The US trade policy is also on the radar of the European Central Bank (ECB), which is scaling back its restrictive monetary policies by cutting interest rates. In case of a trade war, resurging prices can delay or even derail the rate-cutting cycle of the ECB. ECB President Christine Lagarde previously warned that the US government’s planned tariffs “would have a negative impact globally.”

Trade ministers from the EU’s 27 member states reached consensus at a video conference last week in the wake of the US announcement of new tariffs.

Negotiations, as the EU trade ministers believe, will be the best option for the EU to avert a tariff war.

The EU remains committed to constructive dialogue and is ready to negotiate to find solutions where possible, Sefcovic said.
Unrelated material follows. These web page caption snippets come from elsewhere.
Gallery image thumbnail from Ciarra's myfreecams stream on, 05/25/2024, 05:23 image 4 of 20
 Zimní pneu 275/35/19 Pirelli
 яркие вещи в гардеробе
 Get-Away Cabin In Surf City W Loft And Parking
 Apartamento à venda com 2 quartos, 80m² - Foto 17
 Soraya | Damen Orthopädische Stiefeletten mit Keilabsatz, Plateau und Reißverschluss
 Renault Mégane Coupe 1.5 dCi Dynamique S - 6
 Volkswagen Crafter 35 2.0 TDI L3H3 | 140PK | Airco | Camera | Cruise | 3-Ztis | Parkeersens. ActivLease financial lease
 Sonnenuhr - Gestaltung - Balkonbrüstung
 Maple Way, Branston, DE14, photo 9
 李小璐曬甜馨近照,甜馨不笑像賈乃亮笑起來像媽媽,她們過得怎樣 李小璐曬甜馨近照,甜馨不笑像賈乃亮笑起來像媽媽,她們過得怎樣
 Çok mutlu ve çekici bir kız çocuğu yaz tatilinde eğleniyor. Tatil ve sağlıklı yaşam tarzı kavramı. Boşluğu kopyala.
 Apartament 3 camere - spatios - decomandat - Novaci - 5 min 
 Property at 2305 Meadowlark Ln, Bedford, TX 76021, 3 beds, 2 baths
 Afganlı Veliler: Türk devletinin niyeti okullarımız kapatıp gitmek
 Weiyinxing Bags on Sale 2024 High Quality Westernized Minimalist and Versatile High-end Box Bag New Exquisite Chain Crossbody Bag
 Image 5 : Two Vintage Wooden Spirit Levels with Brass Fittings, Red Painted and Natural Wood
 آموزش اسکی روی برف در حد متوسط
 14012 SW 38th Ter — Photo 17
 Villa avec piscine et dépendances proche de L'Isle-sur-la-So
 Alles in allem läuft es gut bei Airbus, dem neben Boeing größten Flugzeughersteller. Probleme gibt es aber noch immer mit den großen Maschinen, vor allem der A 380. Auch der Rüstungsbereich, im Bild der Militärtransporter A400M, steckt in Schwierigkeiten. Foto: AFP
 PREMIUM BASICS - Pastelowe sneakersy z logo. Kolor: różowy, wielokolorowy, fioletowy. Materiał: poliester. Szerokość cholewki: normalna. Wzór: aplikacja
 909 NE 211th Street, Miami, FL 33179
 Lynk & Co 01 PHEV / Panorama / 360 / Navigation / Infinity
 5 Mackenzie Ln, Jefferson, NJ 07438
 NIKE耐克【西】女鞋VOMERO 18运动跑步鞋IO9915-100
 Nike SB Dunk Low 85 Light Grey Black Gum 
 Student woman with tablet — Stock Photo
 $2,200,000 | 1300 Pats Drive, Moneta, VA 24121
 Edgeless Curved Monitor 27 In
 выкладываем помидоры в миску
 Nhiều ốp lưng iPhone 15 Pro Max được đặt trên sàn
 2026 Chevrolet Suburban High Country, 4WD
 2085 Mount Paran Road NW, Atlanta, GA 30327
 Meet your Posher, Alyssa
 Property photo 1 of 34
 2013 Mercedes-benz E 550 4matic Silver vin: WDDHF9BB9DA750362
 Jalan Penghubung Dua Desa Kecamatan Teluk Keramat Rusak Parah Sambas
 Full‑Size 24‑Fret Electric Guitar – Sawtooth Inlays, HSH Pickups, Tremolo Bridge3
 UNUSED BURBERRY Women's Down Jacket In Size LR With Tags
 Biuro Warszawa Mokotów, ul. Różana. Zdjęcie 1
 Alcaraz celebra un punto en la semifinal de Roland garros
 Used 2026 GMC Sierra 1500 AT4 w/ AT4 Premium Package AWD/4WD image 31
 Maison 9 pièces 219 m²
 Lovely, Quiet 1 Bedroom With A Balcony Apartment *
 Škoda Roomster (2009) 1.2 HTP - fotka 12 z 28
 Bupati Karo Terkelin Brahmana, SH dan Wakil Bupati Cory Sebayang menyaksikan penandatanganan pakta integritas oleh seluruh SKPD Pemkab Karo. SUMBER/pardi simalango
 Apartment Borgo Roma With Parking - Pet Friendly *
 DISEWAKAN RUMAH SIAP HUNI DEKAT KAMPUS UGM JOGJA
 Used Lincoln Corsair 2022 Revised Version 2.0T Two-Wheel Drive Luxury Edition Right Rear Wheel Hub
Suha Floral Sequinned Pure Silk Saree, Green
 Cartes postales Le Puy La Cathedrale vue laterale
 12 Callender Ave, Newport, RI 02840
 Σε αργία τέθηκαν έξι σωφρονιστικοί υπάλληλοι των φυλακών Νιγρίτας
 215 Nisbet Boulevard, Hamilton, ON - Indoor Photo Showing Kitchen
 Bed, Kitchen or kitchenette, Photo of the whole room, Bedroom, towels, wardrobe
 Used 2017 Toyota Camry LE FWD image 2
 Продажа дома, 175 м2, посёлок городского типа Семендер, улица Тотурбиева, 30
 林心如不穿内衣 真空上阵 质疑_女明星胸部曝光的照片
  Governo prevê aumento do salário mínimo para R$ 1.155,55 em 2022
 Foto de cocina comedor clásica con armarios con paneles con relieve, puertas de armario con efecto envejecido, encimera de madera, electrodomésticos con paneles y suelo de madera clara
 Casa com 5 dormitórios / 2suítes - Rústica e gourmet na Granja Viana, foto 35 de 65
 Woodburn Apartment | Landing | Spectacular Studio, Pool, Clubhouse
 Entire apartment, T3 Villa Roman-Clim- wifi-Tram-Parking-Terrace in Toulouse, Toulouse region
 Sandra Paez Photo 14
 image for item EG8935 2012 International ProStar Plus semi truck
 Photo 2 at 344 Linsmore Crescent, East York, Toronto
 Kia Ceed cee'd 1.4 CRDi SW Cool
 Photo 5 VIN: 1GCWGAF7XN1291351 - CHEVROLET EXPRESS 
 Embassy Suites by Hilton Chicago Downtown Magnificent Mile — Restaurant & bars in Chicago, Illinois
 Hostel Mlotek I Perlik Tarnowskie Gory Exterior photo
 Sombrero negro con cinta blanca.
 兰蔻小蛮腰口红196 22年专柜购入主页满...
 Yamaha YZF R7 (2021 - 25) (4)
At the Munich Security Conference, he voiced the EU’s willingness to discuss trade deficits, automobiles, soybeans, liquefied natural gas (LNG), and other issues that can be resolved at the negotiating table.

In an apparent bid to address the US concern of the trade deficit with the EU, the European Commission President Ursula von der Leyen has previously proposed expanding LNG imports from the United States as a viable trade strategy. The EU is also considering importing more agricultural products and military equipment from the United States and reducing its tariff on US cars from the current 10 per cent to 2.5 per cent.

Since tariffs have been long known as the hallmark of the Trump administration, the EU has already acted preemptively to mitigate the looming threat of new US tariffs. Despite opposition from some member states, the EU reached a free trade agreement with the South American trade bloc MERCOSUR to hedge against the uncertainty of US trade policies and diversify trade relations. The EU and Canada also agreed to strengthen trade and investment ties this month.

Meanwhile, countermeasures are also in the pipeline as von der Leyen vowed that the EU would act to safeguard its economic interests and the US tariffs “will not go unanswered.”

The EU chief has vowed that the “unjustified” tariffs will trigger “firm and proportionate countermeasures” from the EU.

According to sources with the European Commission and the European Parliament, the EU has already penciled in a list of retaliatory measures.

Bernd Lange, Chair of the European Parliament’s International Trade Committee, warned that the EU could immediately retaliate against the US double tariff rates. Products such as motorcycles, jeans, peanut butter, whiskey, and other items that impact US exporters could be targetted, with special attention given to products from US states with strong Republican support and traditionally strong US exports.

Some European Commission officials revealed that the EU will look into the possibility of putting in place stricter import restrictions, including limiting imports of agricultural products like soybeans which are grown using EU-banned pesticides, in response to the US “reciprocal tariffs.”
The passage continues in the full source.